Clemence published three novels, and she illustrated some of the fantasies written by her brother Laurence. Each of Housman's novels is a "Christian fantasy", dramatising religious themes. Her first novel, The Were-wolf (1896), was an allegorical erotic fantasy featuring a female werewolf. H. P. Lovecraft said of the Were-Wolf that it "attains a high degree of gruesome tension and achieves to some extent the atmosphere of authentic folklore." Basil Copper described The Were-wolf as "a minor classic in the genre". The Life of Sir Aglovale de Galis is an Arthurian fantasy.
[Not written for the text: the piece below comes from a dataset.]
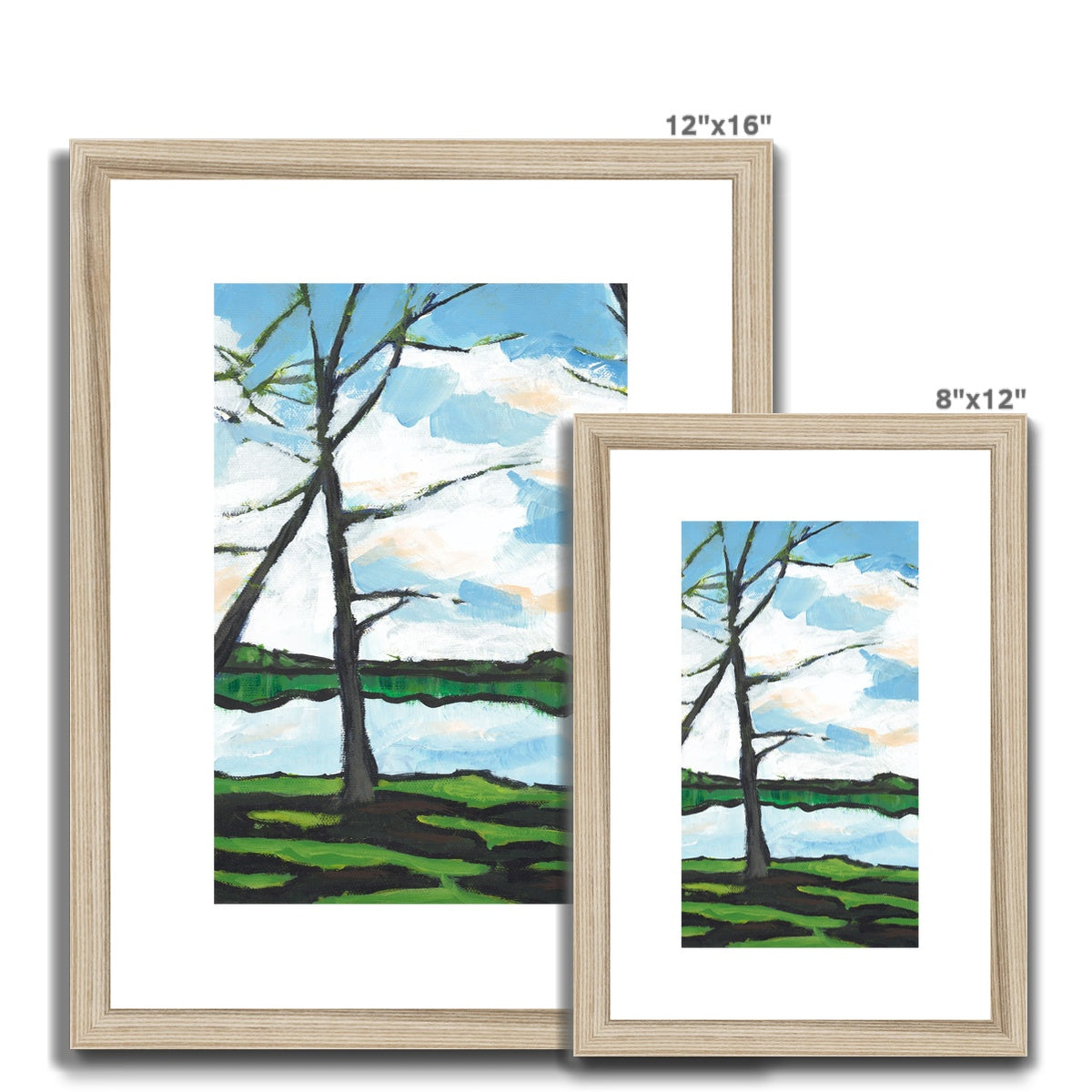 Framed Fine Art Print, White Mat - 6x8 8x12 12x16 18x24 inches | Lakeshore in Acrylic, FPV-1101-002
Edith Pargeter praised The Life of Sir Aglovale de Galis, calling the novel "the finest work on an Arthurian theme since Mallory". Douglas A. Anderson has described The Life of Sir Aglovale de Galis as Housman's "supreme achievement". "The Drawn Arrow" (1923) is a short fable set in a desert kingdom.

=== Novels ===
- Clemence Housman (1896). "The Were-wolf" – illustrated by Laurence Housman.
- Clemence Housman (1898). "Unknown Sea"
- Clemence Housman (1905). "The Life of Sir Aglovale De Galis"

=== As illustrator ===

- Laurence Housman, The Blue Moon (1904) – illustrations by L.H., engraved by C.H.
- Laurence Housman (1922). "Moonshine & Clover"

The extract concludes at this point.